ASSIGNMENT:
Write out exactly the lines from the one containing "REBLOG if you’re" through the last line of the records below, both included, and leave out any pictures.

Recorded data

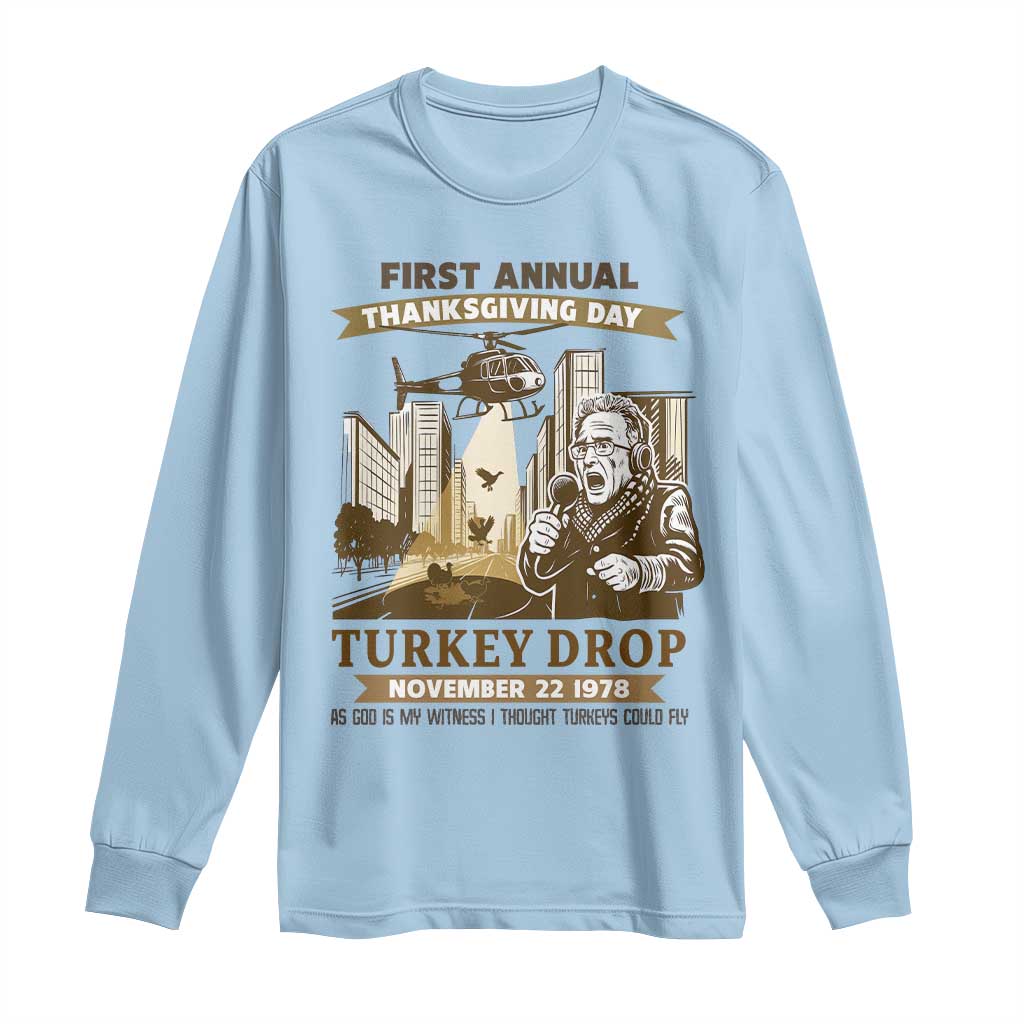 Vintage Thanksgiving Turkey Drop Long Sleeve Shirt Funny 1978 Helicopter Scene Classic TV Moment TS02 Light Blue Print Your Wear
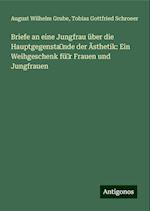 Briefe an eine Jungfrau über die Hauptgegensta?nde der Ästhetik: Ein Weihgeschenk fü?r Frauen und Jungfrauen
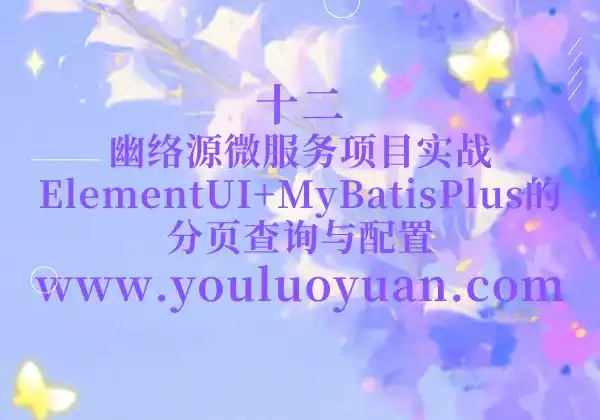 12、幽络源微服务项目实战：ElementUI+MyBatisPlus的分页查询与配置-幽络源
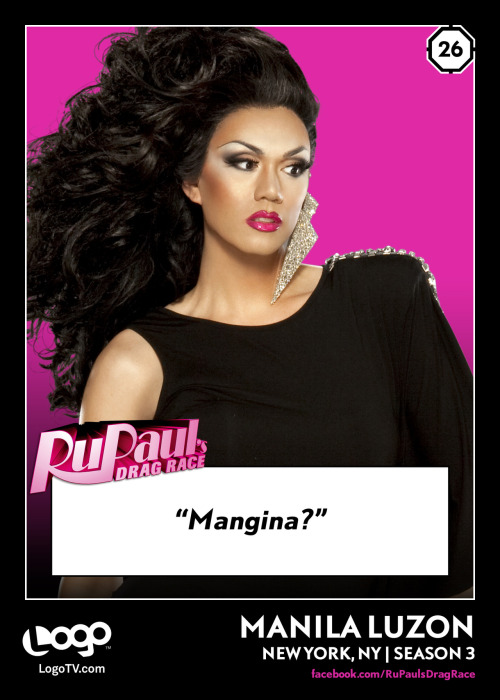 RuPaul’s Drag Race TRADING CARD THURSDAY #26: Manila Luzon
REBLOG if you’re excited to see her on RuPaul’s Drag U this Monday at 9/8c on Logo!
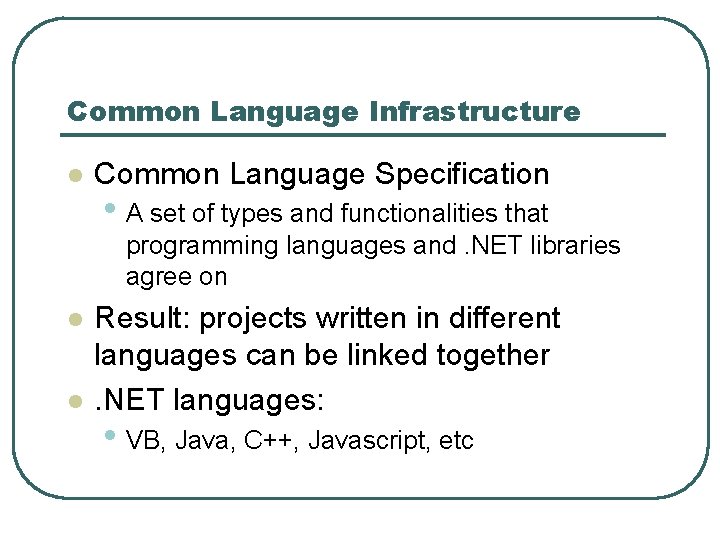Common Language Infrastructure l Common Language Specification • A set of types and functionalities Common Language Infrastructure l Common Language Specification • A set of types and functionalities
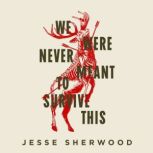 We Were Never Meant to Survive This, Jesse Sherwood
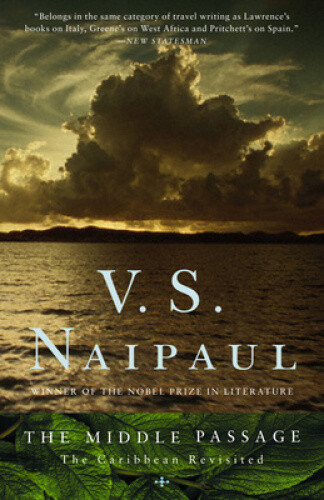 Thumbnail - The Middle Passage: The Caribbean Revisited By Naipaul, V. S.
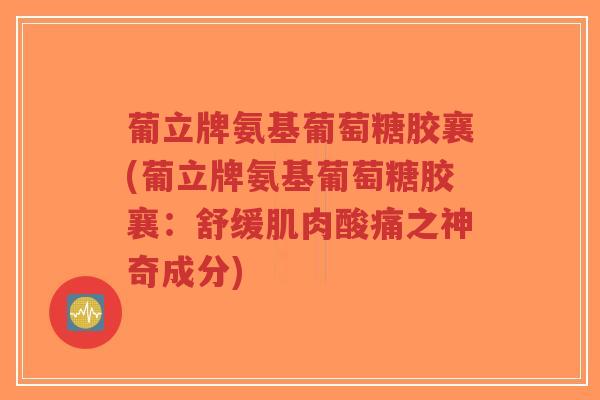 葡立牌氨基葡萄糖胶襄(葡立牌氨基葡萄糖胶襄:舒缓肌肉酸痛之神奇成分)-第1张图片-超越 葡立牌氨基葡萄糖胶襄(葡立牌氨基葡萄糖胶襄:舒缓肌肉酸痛之神奇成分)-第1张图片-超越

THE COMPLETED TASK:
REBLOG if you’re excited to see her on RuPaul’s Drag U this Monday at 9/8c on Logo!
Common Language Infrastructure l Common Language Specification • A set of types and functionalities Common Language Infrastructure l Common Language Specification • A set of types and functionalities
 We Were Never Meant to Survive This, Jesse Sherwood
 Thumbnail - The Middle Passage: The Caribbean Revisited By Naipaul, V. S.
 葡立牌氨基葡萄糖胶襄(葡立牌氨基葡萄糖胶襄:舒缓肌肉酸痛之神奇成分)-第1张图片-超越 葡立牌氨基葡萄糖胶襄(葡立牌氨基葡萄糖胶襄:舒缓肌肉酸痛之神奇成分)-第1张图片-超越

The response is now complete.